My Poppop ruled his family with an iron fist and a large checkbook. It is not that he had a lot of spending power, but instead that he preferred a binder’s worth of large checks. It was cool to see him in the work, observing quietly over his shoulder as he diligently wrote out the information on the stub that would be left in the binder and then mail out the checks to pay the bills. (Yup, even 5-year-old me was a nerd.)

A diagnosis and a move

Fast forward a few years when, unbeknownst to me, he was diagnosed with dementia. The big thing happening in our lives at that point was that he had sold the home he had raised his seven children in (and a few grandchildren too). He and my Gram were moving to the mountains. I wasn’t sure why it was happening, but the adults seemed to have everything worked out, so OK. Poppop and Gram lived pretty well up there. Whenever we would visit it would be Cosmic Brownies, nature documentaries, rummy, and puzzles. Still good by my child-eyes.

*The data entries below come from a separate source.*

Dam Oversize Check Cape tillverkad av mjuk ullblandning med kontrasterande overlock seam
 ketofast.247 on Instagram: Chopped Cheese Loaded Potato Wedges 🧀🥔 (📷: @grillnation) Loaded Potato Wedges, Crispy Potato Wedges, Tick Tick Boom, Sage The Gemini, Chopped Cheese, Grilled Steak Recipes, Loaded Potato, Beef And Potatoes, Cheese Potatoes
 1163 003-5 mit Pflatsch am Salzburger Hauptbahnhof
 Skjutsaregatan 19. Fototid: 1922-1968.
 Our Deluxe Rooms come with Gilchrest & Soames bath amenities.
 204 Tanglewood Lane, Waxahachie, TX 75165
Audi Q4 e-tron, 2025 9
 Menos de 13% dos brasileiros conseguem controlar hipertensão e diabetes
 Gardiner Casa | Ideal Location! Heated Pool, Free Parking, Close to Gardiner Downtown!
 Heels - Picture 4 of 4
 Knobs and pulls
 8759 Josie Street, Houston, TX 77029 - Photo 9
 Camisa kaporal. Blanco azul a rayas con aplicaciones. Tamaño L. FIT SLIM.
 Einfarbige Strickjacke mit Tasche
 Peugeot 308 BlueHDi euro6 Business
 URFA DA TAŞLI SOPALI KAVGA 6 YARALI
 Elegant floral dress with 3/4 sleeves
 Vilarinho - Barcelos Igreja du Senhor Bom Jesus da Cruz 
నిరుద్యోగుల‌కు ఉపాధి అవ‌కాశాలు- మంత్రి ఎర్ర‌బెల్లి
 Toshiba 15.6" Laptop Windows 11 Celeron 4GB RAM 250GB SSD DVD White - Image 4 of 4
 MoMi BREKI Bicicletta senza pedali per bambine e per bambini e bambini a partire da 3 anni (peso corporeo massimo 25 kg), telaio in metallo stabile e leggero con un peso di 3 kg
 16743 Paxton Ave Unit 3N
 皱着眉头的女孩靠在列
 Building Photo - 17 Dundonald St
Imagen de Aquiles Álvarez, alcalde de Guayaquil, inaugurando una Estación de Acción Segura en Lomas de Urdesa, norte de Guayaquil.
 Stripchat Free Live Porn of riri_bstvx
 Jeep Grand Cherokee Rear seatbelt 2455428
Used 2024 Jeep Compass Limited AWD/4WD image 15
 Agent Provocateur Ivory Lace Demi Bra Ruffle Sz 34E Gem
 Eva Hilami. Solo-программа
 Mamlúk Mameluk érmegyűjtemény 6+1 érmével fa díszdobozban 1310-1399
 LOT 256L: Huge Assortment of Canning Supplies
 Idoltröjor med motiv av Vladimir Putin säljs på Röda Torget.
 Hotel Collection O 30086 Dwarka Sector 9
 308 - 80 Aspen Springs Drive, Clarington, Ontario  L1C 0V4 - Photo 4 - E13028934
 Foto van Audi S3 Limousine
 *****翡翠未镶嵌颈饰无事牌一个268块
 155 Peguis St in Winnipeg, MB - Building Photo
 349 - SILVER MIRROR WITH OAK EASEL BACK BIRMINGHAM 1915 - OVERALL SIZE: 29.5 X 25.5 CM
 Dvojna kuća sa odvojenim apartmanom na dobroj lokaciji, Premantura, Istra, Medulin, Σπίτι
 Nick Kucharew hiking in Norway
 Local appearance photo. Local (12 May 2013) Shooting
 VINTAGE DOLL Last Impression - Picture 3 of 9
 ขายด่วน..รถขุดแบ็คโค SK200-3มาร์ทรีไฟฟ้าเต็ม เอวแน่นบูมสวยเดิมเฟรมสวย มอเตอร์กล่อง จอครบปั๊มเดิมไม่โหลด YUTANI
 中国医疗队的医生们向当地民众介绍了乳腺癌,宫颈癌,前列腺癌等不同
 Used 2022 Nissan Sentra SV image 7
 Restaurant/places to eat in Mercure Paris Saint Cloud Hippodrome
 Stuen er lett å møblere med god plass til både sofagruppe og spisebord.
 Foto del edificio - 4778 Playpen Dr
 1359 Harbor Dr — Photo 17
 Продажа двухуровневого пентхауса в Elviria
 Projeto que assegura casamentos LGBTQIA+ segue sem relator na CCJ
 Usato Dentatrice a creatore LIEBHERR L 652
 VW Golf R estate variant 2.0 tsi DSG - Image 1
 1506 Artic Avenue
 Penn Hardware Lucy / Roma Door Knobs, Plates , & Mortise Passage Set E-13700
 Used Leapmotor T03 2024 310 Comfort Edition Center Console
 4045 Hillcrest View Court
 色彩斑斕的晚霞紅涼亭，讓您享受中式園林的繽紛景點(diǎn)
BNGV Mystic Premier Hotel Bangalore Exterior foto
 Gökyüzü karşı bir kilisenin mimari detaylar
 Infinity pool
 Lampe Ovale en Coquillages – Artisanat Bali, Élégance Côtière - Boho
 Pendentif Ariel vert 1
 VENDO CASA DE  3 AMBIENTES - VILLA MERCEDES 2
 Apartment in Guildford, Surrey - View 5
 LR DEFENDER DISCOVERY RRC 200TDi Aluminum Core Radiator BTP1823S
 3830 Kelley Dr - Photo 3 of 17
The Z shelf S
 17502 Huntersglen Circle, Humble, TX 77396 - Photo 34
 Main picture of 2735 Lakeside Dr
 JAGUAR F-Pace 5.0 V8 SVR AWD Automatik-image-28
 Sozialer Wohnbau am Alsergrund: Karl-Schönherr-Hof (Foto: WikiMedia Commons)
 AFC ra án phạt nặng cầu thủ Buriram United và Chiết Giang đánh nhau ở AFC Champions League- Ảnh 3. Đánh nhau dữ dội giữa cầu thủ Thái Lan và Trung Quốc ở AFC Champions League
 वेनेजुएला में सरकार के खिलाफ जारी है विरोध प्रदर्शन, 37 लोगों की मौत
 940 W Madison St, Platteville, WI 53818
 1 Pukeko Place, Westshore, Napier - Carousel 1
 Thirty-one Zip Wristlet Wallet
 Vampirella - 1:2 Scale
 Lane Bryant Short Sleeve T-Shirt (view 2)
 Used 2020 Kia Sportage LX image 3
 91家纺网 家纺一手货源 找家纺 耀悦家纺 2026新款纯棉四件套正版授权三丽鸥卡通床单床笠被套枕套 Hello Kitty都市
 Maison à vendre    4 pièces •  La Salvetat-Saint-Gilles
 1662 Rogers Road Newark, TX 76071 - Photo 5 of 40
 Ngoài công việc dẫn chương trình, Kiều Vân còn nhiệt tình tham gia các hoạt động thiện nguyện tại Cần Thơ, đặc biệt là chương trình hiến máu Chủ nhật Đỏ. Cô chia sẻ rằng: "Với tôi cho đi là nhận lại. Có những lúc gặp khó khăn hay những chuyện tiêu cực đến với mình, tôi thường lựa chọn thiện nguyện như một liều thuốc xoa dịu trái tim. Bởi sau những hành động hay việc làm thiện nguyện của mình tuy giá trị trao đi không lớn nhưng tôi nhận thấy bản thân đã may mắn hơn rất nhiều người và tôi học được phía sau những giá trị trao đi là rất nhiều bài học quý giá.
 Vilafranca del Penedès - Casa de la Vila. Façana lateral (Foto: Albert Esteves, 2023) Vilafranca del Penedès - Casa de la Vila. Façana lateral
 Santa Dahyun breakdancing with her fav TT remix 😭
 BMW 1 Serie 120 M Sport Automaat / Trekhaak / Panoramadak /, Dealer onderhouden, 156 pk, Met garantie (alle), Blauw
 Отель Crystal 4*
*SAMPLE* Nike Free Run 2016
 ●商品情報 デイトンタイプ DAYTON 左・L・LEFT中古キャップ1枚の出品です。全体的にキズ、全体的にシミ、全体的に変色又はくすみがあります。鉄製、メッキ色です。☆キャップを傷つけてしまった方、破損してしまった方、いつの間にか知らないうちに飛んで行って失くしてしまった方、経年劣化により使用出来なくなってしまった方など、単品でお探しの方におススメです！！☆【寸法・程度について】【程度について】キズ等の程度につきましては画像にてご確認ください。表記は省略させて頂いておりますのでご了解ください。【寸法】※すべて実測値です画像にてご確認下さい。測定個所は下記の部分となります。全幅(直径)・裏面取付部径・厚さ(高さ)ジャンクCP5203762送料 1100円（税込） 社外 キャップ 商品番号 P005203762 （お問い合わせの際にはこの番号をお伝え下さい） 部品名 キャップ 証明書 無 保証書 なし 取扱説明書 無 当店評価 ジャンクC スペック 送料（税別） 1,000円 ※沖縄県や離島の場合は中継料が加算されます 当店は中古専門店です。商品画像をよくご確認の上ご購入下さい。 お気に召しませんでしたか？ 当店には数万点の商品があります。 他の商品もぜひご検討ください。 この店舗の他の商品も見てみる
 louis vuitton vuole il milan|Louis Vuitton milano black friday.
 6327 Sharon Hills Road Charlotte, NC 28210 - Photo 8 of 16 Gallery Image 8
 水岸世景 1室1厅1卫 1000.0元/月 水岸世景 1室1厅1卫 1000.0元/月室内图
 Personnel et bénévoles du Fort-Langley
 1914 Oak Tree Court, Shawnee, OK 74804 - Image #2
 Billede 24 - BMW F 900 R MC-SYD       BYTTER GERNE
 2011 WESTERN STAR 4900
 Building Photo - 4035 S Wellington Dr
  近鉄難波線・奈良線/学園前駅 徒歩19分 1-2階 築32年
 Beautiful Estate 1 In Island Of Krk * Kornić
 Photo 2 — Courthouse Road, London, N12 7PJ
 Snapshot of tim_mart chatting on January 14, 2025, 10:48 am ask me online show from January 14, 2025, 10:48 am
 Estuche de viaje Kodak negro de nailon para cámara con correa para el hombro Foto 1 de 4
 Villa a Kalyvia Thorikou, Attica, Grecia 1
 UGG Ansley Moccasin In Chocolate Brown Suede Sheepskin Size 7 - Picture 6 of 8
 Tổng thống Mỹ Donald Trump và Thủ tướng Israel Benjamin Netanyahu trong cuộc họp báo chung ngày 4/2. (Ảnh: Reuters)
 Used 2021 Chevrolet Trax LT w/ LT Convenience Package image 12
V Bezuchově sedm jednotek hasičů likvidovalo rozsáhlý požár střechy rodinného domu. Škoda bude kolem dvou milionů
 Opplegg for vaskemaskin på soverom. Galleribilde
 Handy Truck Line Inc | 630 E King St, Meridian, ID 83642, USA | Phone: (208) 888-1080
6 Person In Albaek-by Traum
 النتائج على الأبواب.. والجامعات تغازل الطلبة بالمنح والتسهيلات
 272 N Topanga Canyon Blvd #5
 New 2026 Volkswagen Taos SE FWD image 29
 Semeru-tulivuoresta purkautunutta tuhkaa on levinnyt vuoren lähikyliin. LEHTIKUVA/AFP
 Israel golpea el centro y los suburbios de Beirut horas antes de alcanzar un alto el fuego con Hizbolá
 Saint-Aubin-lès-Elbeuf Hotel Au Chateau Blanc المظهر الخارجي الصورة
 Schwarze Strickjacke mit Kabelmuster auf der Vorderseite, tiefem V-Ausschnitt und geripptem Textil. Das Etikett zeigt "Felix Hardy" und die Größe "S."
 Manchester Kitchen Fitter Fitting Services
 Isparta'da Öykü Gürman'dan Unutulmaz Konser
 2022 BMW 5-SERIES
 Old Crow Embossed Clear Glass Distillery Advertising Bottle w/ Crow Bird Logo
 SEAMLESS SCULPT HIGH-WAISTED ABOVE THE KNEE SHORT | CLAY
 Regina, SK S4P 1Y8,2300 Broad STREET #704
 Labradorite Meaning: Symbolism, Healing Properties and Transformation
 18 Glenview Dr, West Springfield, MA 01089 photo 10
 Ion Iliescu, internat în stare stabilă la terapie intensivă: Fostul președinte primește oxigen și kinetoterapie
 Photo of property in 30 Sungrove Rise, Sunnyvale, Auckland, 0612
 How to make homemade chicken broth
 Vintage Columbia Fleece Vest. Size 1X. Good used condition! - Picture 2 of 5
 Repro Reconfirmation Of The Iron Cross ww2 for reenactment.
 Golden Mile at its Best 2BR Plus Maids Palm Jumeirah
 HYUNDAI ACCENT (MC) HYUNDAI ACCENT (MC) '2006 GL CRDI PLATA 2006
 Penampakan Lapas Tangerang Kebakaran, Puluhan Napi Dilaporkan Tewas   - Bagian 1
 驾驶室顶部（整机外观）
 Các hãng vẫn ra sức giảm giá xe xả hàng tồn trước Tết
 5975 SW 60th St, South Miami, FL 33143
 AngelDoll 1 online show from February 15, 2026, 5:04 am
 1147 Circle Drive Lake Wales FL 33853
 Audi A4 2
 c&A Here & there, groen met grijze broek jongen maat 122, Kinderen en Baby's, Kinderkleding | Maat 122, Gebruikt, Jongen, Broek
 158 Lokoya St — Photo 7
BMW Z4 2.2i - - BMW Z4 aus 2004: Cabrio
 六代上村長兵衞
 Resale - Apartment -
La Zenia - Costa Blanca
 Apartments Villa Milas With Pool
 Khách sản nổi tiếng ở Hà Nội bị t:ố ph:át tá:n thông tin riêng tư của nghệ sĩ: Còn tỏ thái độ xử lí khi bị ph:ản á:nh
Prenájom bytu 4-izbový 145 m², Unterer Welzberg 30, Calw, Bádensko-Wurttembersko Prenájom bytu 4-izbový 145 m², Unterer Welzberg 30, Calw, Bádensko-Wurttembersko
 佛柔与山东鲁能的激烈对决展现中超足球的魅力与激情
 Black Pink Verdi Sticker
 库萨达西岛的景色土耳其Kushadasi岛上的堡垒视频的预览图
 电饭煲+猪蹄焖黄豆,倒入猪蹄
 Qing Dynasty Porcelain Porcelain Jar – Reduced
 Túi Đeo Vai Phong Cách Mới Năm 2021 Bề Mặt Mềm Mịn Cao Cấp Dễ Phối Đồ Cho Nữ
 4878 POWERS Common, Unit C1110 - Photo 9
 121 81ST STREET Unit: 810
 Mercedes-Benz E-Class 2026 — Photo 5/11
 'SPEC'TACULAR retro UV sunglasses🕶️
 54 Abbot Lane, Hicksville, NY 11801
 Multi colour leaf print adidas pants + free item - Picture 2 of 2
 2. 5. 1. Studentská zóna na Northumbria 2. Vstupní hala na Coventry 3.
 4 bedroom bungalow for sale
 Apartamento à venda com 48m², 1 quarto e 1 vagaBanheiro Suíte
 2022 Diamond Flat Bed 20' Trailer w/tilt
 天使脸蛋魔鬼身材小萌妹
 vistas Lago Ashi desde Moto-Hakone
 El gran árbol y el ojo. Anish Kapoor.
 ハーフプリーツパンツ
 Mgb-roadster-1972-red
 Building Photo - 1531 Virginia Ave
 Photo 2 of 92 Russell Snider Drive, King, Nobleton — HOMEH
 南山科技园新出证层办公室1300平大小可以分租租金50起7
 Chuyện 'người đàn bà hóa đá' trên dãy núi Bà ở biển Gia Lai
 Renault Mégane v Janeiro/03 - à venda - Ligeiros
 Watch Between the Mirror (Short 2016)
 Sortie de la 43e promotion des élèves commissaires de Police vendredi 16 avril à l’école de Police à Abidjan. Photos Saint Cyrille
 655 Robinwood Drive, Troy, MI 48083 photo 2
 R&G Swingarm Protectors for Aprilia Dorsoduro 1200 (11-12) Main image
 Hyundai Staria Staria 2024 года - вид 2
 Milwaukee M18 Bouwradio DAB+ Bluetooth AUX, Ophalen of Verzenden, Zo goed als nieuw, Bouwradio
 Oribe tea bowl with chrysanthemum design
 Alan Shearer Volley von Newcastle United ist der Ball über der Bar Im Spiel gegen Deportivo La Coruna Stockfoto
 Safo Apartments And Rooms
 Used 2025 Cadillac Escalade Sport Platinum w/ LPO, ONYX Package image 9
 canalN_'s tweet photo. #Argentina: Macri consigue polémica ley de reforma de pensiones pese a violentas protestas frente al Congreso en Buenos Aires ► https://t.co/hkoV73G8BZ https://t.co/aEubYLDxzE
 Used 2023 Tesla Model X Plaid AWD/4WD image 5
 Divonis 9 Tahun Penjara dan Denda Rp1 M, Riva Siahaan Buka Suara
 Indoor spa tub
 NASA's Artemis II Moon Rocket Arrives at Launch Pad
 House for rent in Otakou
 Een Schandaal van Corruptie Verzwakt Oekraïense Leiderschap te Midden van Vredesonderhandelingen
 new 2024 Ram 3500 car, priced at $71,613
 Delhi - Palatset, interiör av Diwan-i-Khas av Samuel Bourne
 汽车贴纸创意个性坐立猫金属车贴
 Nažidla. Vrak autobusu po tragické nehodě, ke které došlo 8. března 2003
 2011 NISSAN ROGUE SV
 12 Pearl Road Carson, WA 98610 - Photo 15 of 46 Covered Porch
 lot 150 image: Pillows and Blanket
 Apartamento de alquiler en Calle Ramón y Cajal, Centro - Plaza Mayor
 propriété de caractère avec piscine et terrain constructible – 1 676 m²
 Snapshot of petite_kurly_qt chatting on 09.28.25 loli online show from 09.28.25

Reinstating help from the support system

By the time Pop needed more than just my Gram to be around and they wanted to be back with all of our family and support systems, it was a problem. They moved into a house rented from a family member and not alone, my aunt and her kids lived there too, among others.

Financial problems are something you don’t realize how bad it is until it’s too late. At least that is the story I tell myself. By the time my grandparents moved to an apartment of their own, the wheels greased at the apartment complex by a few favors, my Mom would step in to do the bills. My Gram, as amazing as she forever will be, was not very literate. She completed only up to an eighth-grade education. One time she helped me sketch something out and told me how to spell Mikey, M-I-L-K-Y, in a knee slapper that will live forever in my own brain.

These two lovely ladies set up a system whereby my Gram opened the bills and placed them in the folder and my Mom would set aside time once a month to pay them with her. It was a solid system but the money was already gone. No one knows where any proceeds from the house went to this day. Public assistance and bankruptcy were both explored and used to the full extent possible given their situation. Unfortunately in our circumstance, the adults realized too late the cost of Pop keeping this task for too long.

Find what works

The two women mentioned in the article have found ways that work for them. While it may be a hit to the ego and feeling of a lack of autonomy to ask for help from a financial advisor or a family member, it may be a necessary step on the journey. I hope that the light shed on the situation by articles like this one, helps some more of “the adults in the situation” to take an extra look at how they may be handling finances.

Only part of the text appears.